Monday, February 19, 2007

Linhas Secundárias - a opção mais fácil?

Linha do Tua onde o belo se mistura com o horrível...
IN Jornal de Noticias de 18 de Fevereiro de 2007

Uma composição mista prepara-se para deixar Mirandela, rumo a Bragança "Beatiful and horrible" (belo e horrível)!

Esta é a expressão que muitos entusiastas ingleses do caminho-de-ferro utilizam quando visitam, pela primeira vez, a Linha do Tua, ora confinada a 54,100 quilómetros, entre o Tua e Mirandela, quando outrora a viagem terminava em Bragança, num total de 133,800 quilómetros. A frase exprime, da melhor forma, a paisagem que envolve a via-férrea, sobretudo entre Foz Tua e Abreiro.

À beleza do rio, que corre célere por entre abruptos penhascos, misturam-se o respeito e o temor que as escarpas, que se precipitam a pique em direcção às aguas bravas, provocam ao passageiro. A tudo isto deve acrescentar-se uma vegetação rasteira e enormes fraguedos em ambas as margens.

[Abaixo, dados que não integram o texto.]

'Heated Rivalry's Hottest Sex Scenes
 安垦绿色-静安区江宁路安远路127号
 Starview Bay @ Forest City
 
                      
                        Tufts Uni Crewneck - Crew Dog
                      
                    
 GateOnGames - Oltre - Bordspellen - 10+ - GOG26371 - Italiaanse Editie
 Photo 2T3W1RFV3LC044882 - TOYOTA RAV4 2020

A plataforma da via parece ter sido esculpida na rocha.

De um lado é penedia, do outro o precipício com mais de 50 metros. Numa visão selvagem, à qual não faltam pontes e túneis, surgem as Fragas Más - compostas por ciclópico maciço granítico -, quiçá o cenário de maior beleza do Tua.

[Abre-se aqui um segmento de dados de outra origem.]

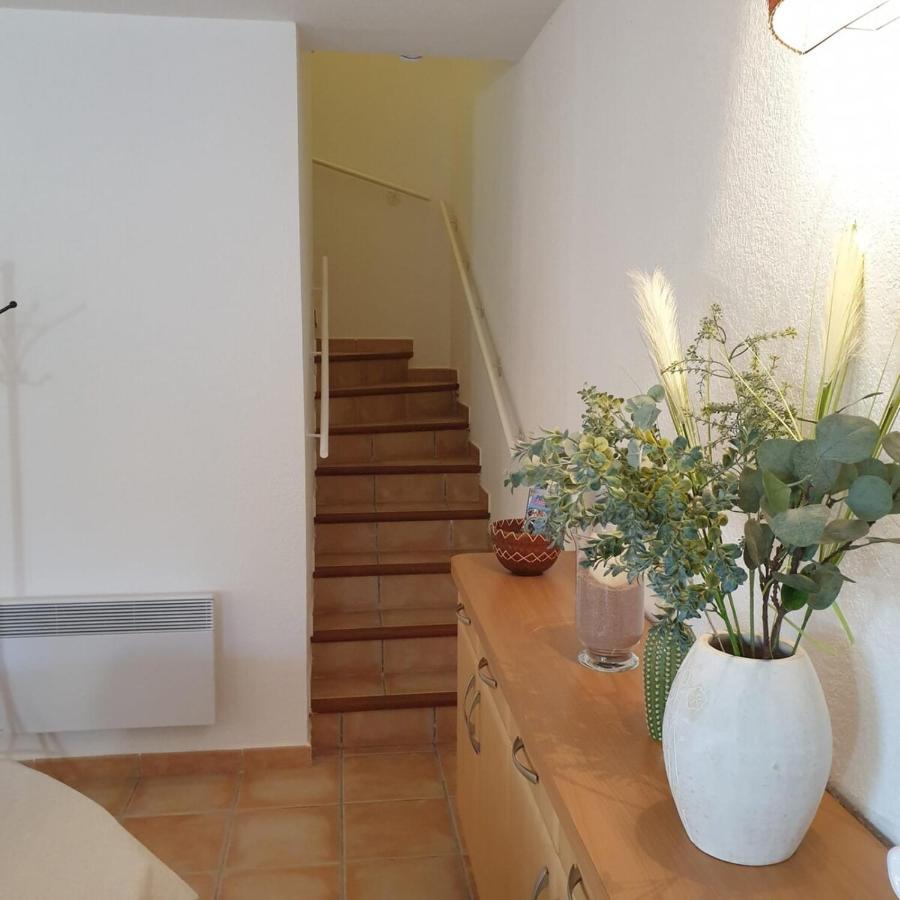 Mini Villa Messicana 5 Pers Piscine 500 M Plage 里奇 外观 照片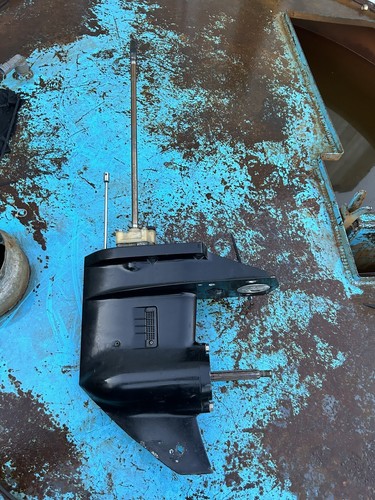 Long shaft gearbox - gearbox, assembly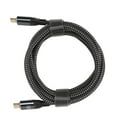 thumbnail image 3 of Cable USB C a USB C PD240W USB2.0 Tipo C Interfaz 480Mbps USB C Macho a C Macho Cable de Datos de Doble Extremo 200 cm, 3 of 5
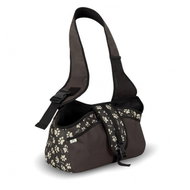 KEGEL Taška na psa cestovní, M, hnědá - Dog Carrier Bag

As características inóspitas estão ainda bem patentes, entre outros, nos apeadeiros de Tralhariz e Castanheiro, que são servidos por pequenas sendas de terra, pelas quais mal passa uma pessoa. Se o serpentear da automotora, por uma linha que, por vezes, dá a sensação de ficar a um palmo do precipício, infunde muito respeito e ainda mais temor, não deixa de ser curioso pensar como terá sido possível a sua construção, que conheceu as primeiras obras a 16 de Outubro de 1884, em Mirandela, 28 anos depois da circulação do primeiro comboio em Portugal. Também no Tua, Fontes Pereira de Melo, ministro das Obras Públicas, teve uma papel preponderante em todo o lento processo de lançamento, em Carta de Lei, do concurso.

As dificuldades foram enormes, a começar pelo acesso dos trabalhadores à obra, feito por carreiros íngremes, sobretudo entre o Tua e a Brunheda, onde o rio é mais profundo e se passeia por gargantas e escarpas quase inacessíveis.

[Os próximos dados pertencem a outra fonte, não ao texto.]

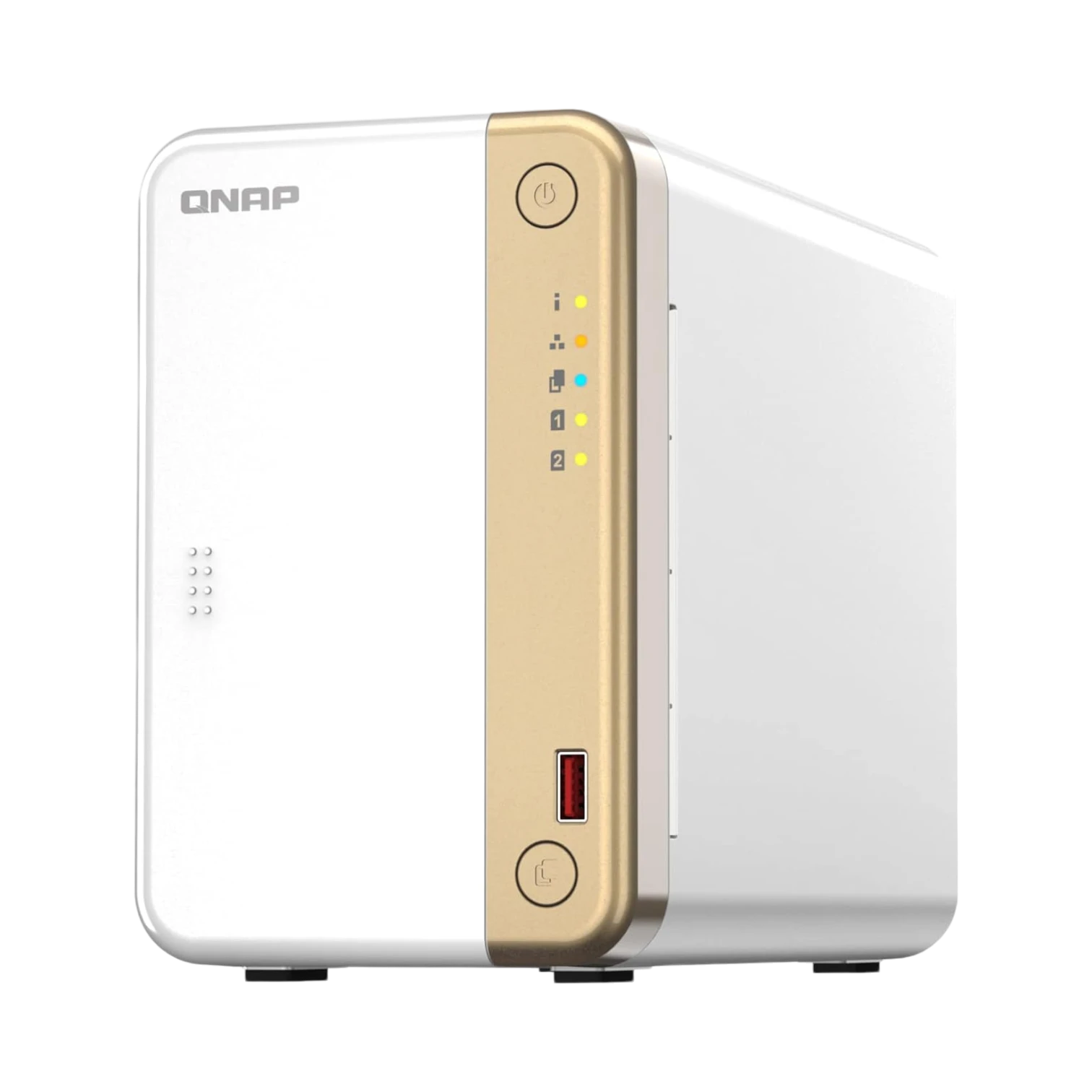 QNAP TS-262 2-Bay NAS Enclosure — Being Shipped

A dureza era de tal ordem que o engenheiro que supervisionava a construção desistiu, impotente para vencer as dificuldades técnicas e para impor disciplina ao grupo de trabalho, do qual até ladrões faziam parte. Foi então nomeado o engenheiro Dinis da Mota, que conseguiu levar a construção até ao fim.

Numa obra de engenharia a todos os títulos notável, Dinis da Mota incutiu confiança aos trabalhadores, que todos os dias eram confrontados com cargas de dinamite e com escarpas que não permitiam a menor distração.

Três anos volvidos sobre o início da epopeia, a linha foi inaugurada, com pompa e circunstância reais, a 19 de Setembro de 1887, entre o Tua e Mirandela, numa composição rebocada pela locomotiva a vapor E81 da alemã Emil Kessler, que tinha aos comando o próprio Dinis da Mota. Até Bragança, foi necessário esperar 19 anos para que o comboio apitasse na capital nordestina, num processo marcado por avanços e recuos, com as estações a ser inauguradas conforme a linha ia avançando.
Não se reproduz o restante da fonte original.